I always kind of wondered when Birthdays would stop being a thing for me. Birthdays were always a thing for me.
Today I am 34 years old. And this is the birthday that birthdays stop being a thing.
I always loved birthdays. Not just for myself but for the special people in my life. Birthdays are your own. You do not share birthdays (for the most part) with anyone else unlike most gift giving/celebratory holidays.
Christmas is Jesus’ birthday and the older I get the more I get away from making a big deal about a holiday celebrating a religion I am not.
Valentine’s Day is Hallmark holiday, whack.
Easter, again, another religion based holiday which honestly my own family never really celebrated.
Mother’s Day another Hallmark holiday.
But birthdays… birthday’s are all your own. You get to celebrate another year on earth; life. You get to celebrate you (or your loved one). I love birthdays. I will spend a fortune on someone’s birthday as opposed to that same person at Christmas or any other day of the year.
Please do not take my love of birthday’s to mean that I have to have a big party or fan fare. Quite the opposite. I personally like to keep my birthdays LOW KEY.
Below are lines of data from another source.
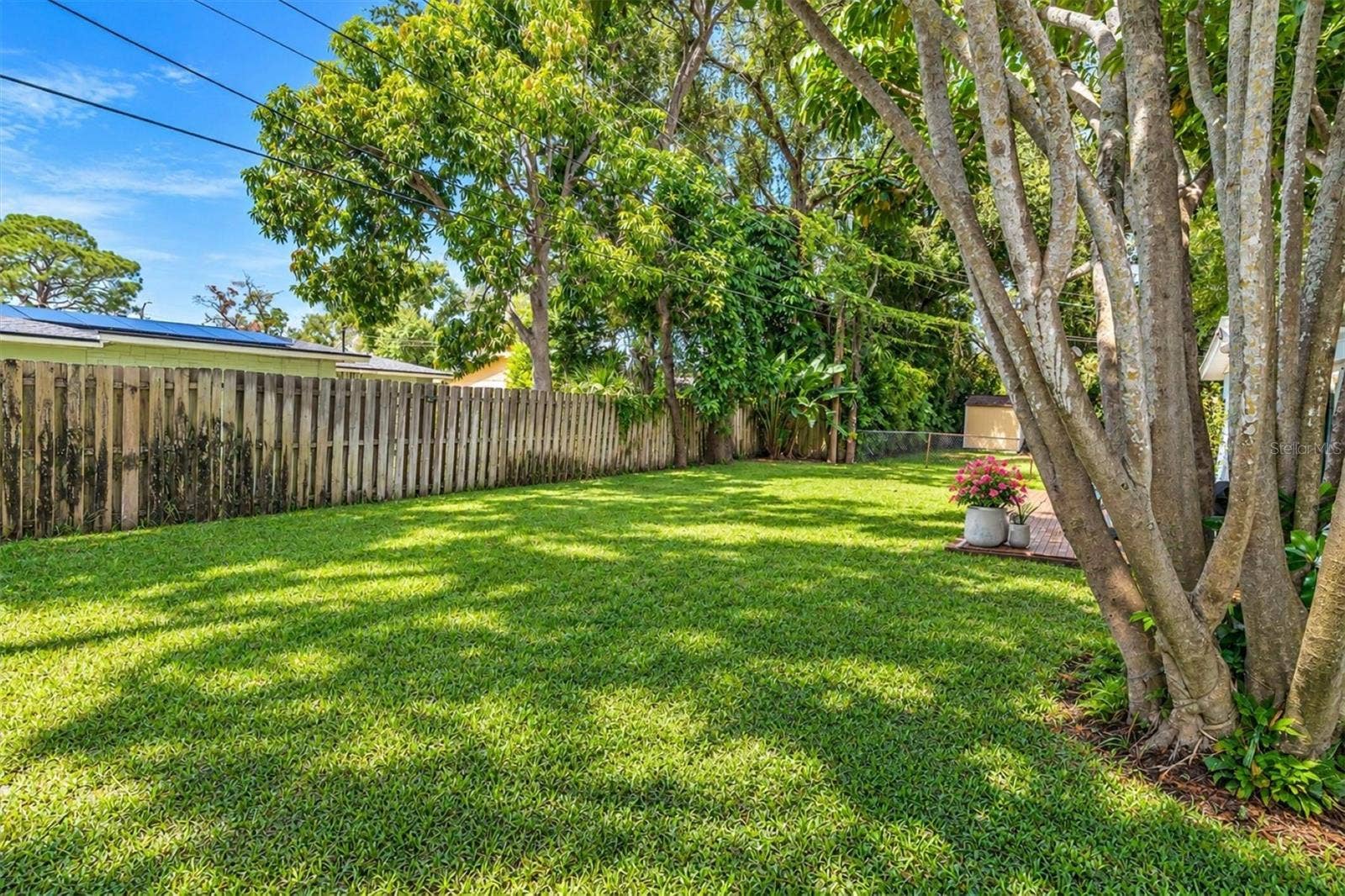 5701 6TH WAY S, St Petersburg, FL 33705 Mature greenery adds a leafy setting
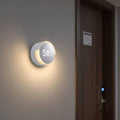illuminated hotel room number sign mounted next to a hotel door
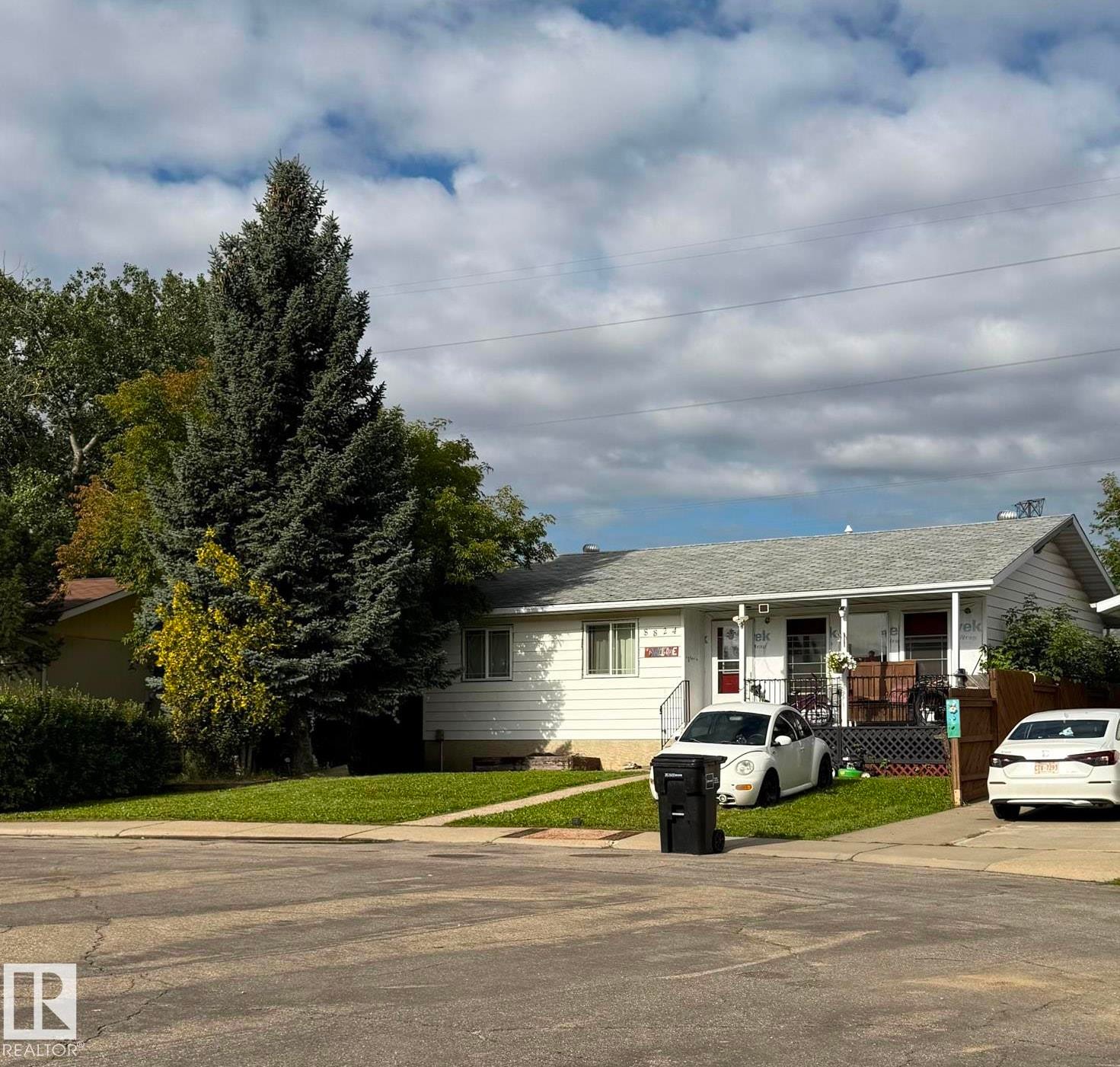 Single-story residence featuring white siding and a covered front porch - 8824 30 Avenue Nw, Edmonton, AB - Outdoor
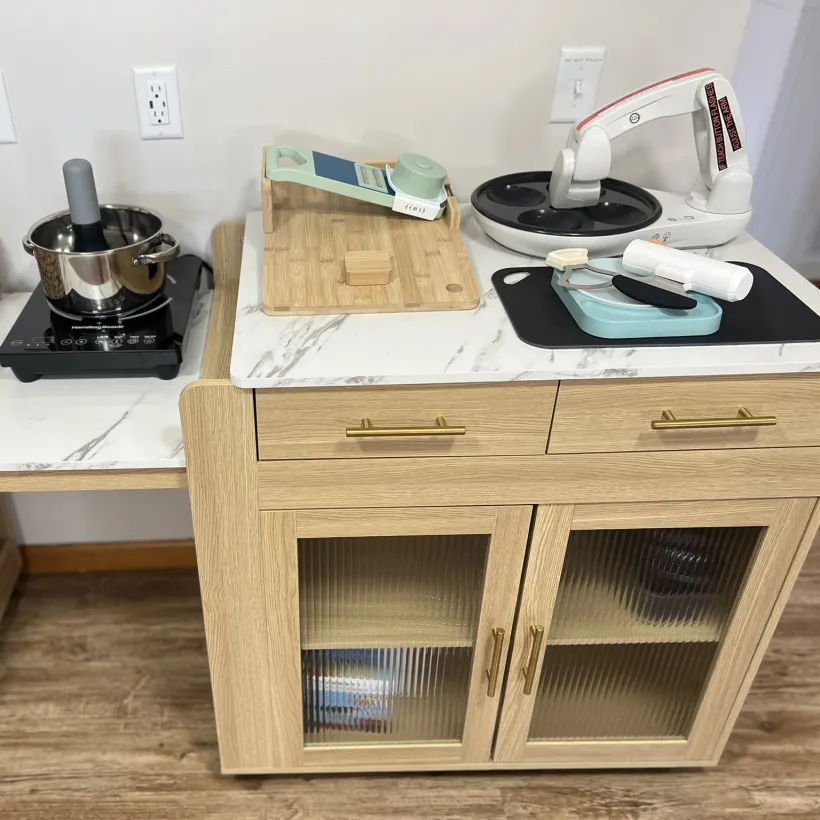 An adaptive kitchen training station with a wheelchair-accessible open-base table on the left holding a portable induction cooktop with a stainless steel pot and a wicker basket of kitchen tools. Beside it is a light wood cabinet with gold hardware and ribbed glass doors, topped with a bamboo cutting board with adaptive tools, a non-slip black cutting board with accessible utensils, and a white electric jar opener.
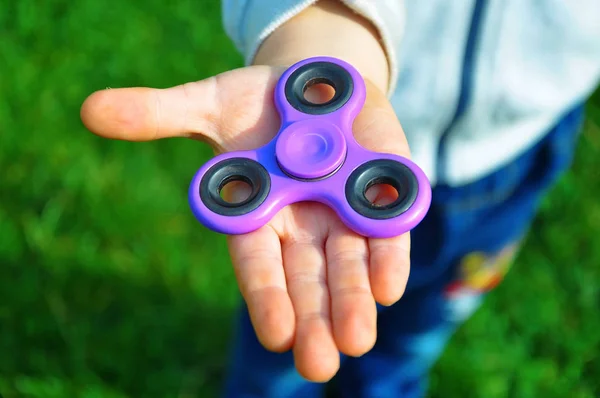 Kind hält den Spinner in der Hand — Stockfoto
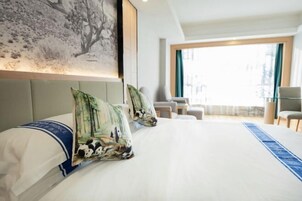 Habitación de hotel con una cama grande, vistas de la ciudad a través de un ventanal amplio y un balcón con mobiliario.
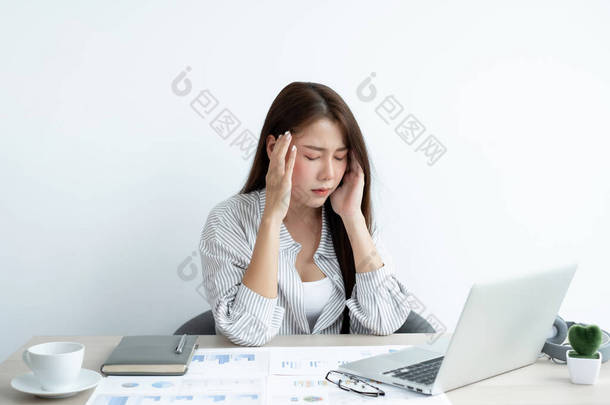 工作的亚洲<strong>妇女</strong>在办公室工作时感到压力大、工作累、因努力工作而头疼.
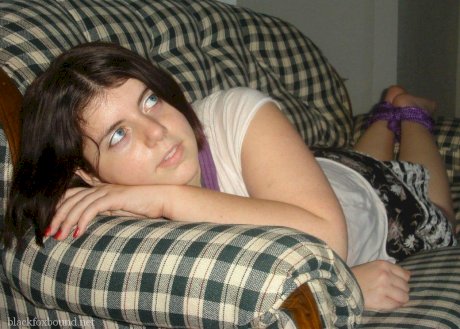 Overweight girl has her hands tied behind her back while her ankles are bound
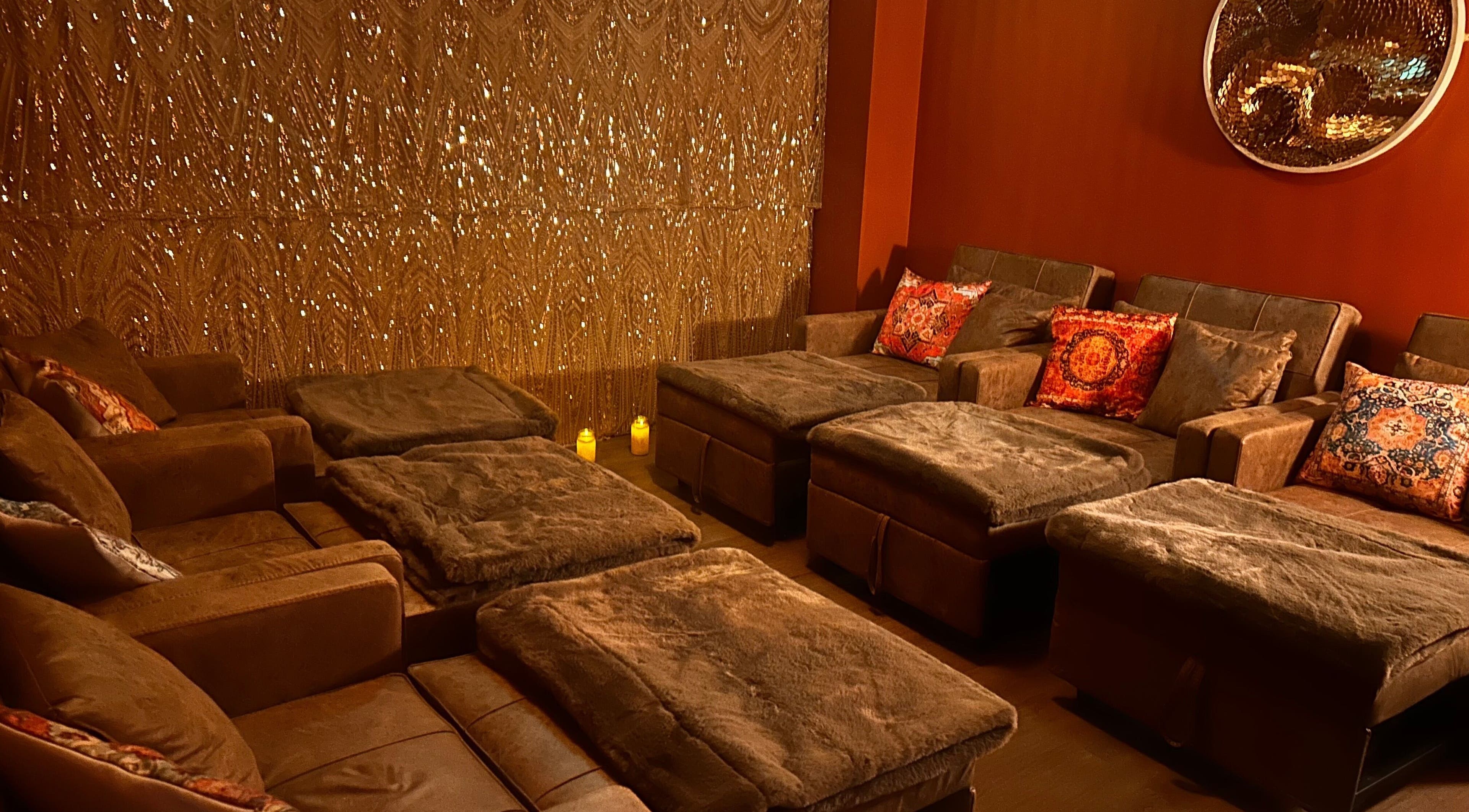 Cozy lounge area with plush seating at Urban Spa, Swansea, Wales, GB for ultimate relaxation.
When I was a kid my mother would never just “let me” stay home from school, except my birthday. She would let me skip school and we would go shopping. Every year until I graduated High School at least. And I will never forget the year my dad sent me flowers at school for my birthday. I was in elementary school and I got called down to the office – and I was never the kid to be called down to the office. I remember so clearly walking into the office and seeing these beautiful purple flowers on the secretary’s desk. Then the secretary said they were delivered for me. I loved purple back then. I don’t think my dad remembers that birthday; I don’t even remember how old I was but gosh that has to be my favorite birthday memory.
As I got older my mother stopped taking my shopping but I continued to make sure I was off for my birthday. I think my entire adulthood I have worked exactly one birthday and it was the weirdest feeling ever.
Life changed and instead we started getting my family together for dinner to celebrate. My mom was not much of a cook when I was growing up (she still is not) so every year for my birthday I would ask my mom to make the two things she actually cooked – backed mac and cheese and Salisbury steak (aka, “my special meat” – I never knew what it was called when I was a kid, but I loved it). It is the only time of the year I actually ask her to cook.
Today I am 34 and it is the first time in at least 10 years where she did not make it. Instead we got together as a family yesterday at my parents house for lunch for my birthday. We had pizza.
Granted, my sister lives two hours away so it is a hike for her to come home…
But to celebrate my 34th birthday my mom ordered pizza. I loved getting to spend time with my family, but pizza. Sigh.
All that aside, my husband is still healing from ankle surgery so that was a large portion of the conversation yesterday. My father barely said two words to me, but was full of questions for my husband. He’s even planning to come over one day and bring him lunch. And when I mention that I would never get my father to bring me lunch if I were in the same situation I was told that I never did work around their house….
Today is my 34th birthday and my son did not even wish me a happy birthday. I went to the gym and got the dog ear cleaner. My daughter begged and pleaded for me to take her and her best friend shopping for Twin Day at school. (I did not take them). I made my own baked macaroni and cheese and salsibury steak (with ground turkey!). I cleaned the bathroom and the kitchen. My Uncle called me…. but first he spoke to my husband, talking to him about his broken ankle for several minutes then quickly wished me a Happy Birthday and let me go. I got a text from one of my coworkers…. wishing me a Happy Birthday, then asking how my husband’s foot was. All in one text. He doesn’t even really know my husband.
I realize I sound petty.
I sound pretty resentful too. I guess I am.
I am glad that my husband has so many people interested in his well being.
I am not someone who generally likes being the center of attention anyway. But for one day I just kind of wanted a day to myself. It’s been a hectic 30 days and would have been nice to just have one day in the last 30 days that did not involve someone asking how he is doing. Especially when I’ve pretty much told everyone he had surgery, is mobile and is recovering. I’m not sure if I would share anything beyond that anyway because I am a pretty private person.
I always thought I’d be a little older when I stopped making my birthday a thing. I thought my parents would be older. I thought my kids would be older.
Today is my birthday and it is just another day on the calendar.